Computational Perspectives I

Searching For Optimal Paths

Note: in order to run the simulation referred to in this slide, go here, to the Java Applet version. You will be directed to download the latest version of the Java plug-in.

You may imagine the simulation's eight circles as different end results that an value-producing individual could possibly reach. In terms of the previous slide's example, they represent different utensils that the apprentice might make: spoons, forks, knives, chopsticks, etc. Initially, she only knows how to reach state 0. The state may correspond, for instance, to the production of little wooden blocks that aren't very useful for food consumption. For now, she is utterly unaware of the other states' existence.

Click "Go" once to see her learn a way to reach state 6. Perhaps, she finds a way to make something reminiscent of a spoon out of the "state 0" wooden block. At the next click of the button, she analyzes her newly found option, and decides that the utensil represented by state 6 is worth the wood-carving effort. As a result, both state 0 and 6 light up in red, marking the individual's optimal behavior given her current knowledge. You should also see an upward jump in the value of the currently chosen path in the graph below.

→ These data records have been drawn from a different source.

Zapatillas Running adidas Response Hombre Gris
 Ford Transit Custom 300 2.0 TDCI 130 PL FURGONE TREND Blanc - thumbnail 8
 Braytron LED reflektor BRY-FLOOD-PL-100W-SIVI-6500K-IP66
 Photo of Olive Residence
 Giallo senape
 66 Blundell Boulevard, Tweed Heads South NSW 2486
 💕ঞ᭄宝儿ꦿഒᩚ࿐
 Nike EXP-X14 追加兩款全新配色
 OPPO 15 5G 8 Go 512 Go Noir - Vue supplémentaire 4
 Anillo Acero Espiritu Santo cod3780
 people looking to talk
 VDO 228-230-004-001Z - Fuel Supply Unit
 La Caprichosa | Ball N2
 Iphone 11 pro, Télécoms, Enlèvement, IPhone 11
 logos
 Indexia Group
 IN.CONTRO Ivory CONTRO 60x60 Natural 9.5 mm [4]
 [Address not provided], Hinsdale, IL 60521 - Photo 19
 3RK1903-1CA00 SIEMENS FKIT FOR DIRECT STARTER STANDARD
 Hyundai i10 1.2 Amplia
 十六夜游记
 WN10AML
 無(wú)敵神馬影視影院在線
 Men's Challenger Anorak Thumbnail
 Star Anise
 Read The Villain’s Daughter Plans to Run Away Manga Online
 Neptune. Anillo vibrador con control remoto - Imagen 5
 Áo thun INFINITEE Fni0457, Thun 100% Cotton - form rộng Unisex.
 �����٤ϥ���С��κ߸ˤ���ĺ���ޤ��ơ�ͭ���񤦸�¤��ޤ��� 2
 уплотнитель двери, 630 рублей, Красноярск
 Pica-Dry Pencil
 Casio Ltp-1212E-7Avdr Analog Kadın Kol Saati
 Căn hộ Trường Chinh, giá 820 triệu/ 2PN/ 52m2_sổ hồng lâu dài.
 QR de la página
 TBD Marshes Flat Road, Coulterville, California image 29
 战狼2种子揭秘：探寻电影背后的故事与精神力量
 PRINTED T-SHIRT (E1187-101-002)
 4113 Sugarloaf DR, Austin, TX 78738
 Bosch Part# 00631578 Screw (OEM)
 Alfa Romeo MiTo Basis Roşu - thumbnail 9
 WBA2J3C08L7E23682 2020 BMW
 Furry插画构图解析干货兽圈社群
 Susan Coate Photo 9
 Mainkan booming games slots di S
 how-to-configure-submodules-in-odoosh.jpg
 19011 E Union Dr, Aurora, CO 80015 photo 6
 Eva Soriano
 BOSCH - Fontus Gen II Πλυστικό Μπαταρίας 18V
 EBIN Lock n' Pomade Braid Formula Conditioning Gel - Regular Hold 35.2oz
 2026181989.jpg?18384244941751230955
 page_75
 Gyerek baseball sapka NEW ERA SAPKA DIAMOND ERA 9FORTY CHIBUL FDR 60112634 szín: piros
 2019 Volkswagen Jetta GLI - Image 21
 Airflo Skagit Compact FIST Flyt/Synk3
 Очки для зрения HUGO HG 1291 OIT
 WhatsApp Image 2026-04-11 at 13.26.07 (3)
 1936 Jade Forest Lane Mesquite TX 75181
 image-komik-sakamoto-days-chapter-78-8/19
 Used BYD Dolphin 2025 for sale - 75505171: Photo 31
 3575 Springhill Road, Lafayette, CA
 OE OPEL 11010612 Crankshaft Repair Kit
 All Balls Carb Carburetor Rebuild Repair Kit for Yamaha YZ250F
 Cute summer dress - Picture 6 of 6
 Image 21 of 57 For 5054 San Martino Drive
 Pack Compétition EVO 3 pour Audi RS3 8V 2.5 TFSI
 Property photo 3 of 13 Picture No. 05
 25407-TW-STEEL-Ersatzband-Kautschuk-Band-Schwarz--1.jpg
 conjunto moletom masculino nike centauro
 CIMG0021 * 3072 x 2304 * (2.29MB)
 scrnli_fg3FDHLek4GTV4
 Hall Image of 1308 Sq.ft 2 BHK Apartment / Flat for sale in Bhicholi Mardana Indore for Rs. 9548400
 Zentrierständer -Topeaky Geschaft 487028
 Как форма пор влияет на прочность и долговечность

Next two simulation steps teach her of how to reach state 7, but the state's payoff turns out not to be worth the path's cost - at time 4, the optimal path remains the same. You may keep clicking the "Go" button to see the apprentice's progress, as she learns new behavioral options and analyzes them to adopt the best one. Step 28 marks her learning the last useful piece of information - the formation of a direct path from state 0 to state 4.

In mathematical terms, our learner performs a depth-first search on the graph that represents her knowledge base, and finds the path with the greatest Net Value - i.e. the value of its final state minus the cost of travel from state 0. State values are shown as the sizes of corresponding circles, and the cost function is simply the Euclidean distance between their centers.